Hacker News new | ask | show | jobs
by hluska 3055 days ago
There is basically no problem here?? There is an organization that claims its security is backed by an equivalent number of American dollars (thus promising relatively stable liquidity). Yet, this organization can't get through an audit and it's looking rather unlikely that that security is actually backed by anything more than website copy. And there is basically no problem here?

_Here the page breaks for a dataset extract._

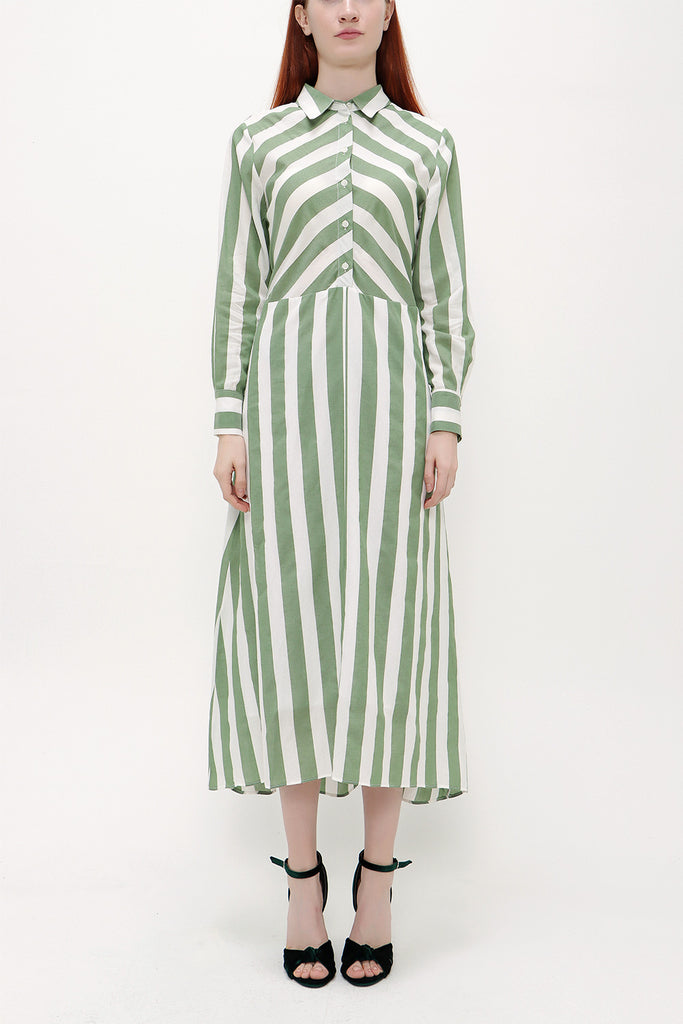 Green Tie midi dress 92889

Tether has a special place in the cryptocurrency ecosystem that makes it completely unlike Dogecoin. This special place means that the types of sketchy things that Tether is doing could ripple through the entire ecosystem.

1 comments

Clearly there may be a massive problem for Tether. Outside of Tether - I'm not seeing the ramifications, other than exchanges are going to have to use different stable coins. I remember when LTC and FTC used to be legit trading pairs on exchange websites. Whether or not Tether is legit seems pretty uninteresting to me - my trading bots regularly go through thousands of USDT, and I've never once thought to myself "Oh, I can redeem this for 1USD." It's just a utility token, and if it dies, something will fill the void after a brief panic.

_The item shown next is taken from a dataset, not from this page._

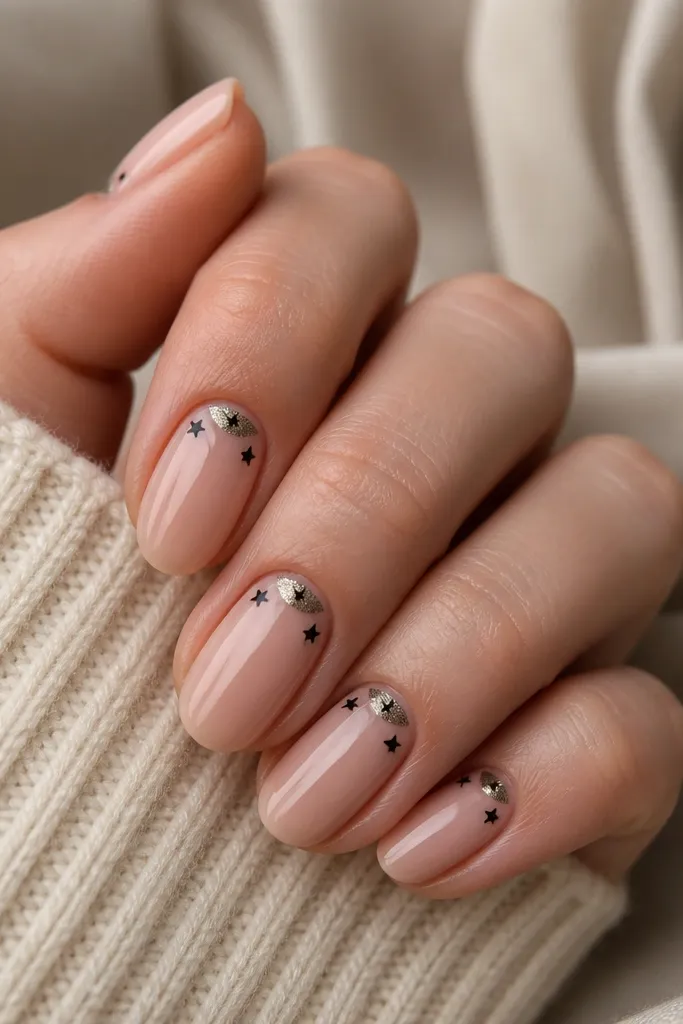 Nails are nude glossy with a pewter shimmer crescent near the cuticle. On the crescent edge there are 2-4 tiny matte black stars scattered across the top half of each nail.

To me, this just seems very overblown.

>> Outside of Tether - I'm not seeing the ramifications

Total liquidity in the market is probably a very small fraction of the market cap. If Tether has been pumping in fake liquidity, in effect creating fake demand, there could be a relative demand crash as that leaves the market, and there would be a relative fall in the (apparent) availability of USD.

That would add to the effect of people desperately trying to flee tether to the comparative safety of real US dollars, which is likely to mean the tether/BTC, tether/ETH tether/whatever rates rocket as people try to get out of positions on tether exchanges. Then a fall in the coin prices as said folks transfer to other exchanges and try to cash out to dollars. And given there are now fewer dollars in circulation than was thought, it could be a bloodbath.

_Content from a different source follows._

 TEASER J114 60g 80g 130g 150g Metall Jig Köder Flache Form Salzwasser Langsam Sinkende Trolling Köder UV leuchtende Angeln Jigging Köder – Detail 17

If other exchanges are above board in their dealings, and the coins and cash are where they should be, and withdrawals don't grind to a halt, then that could be as far as it goes. If they aren't, and if they have trouble paying out, it could take exchanges down.

Did the Lehman Brothers collapse affect anyone who wasn't their customer or employee?

Tether is big enough that it could send similar shockwaves.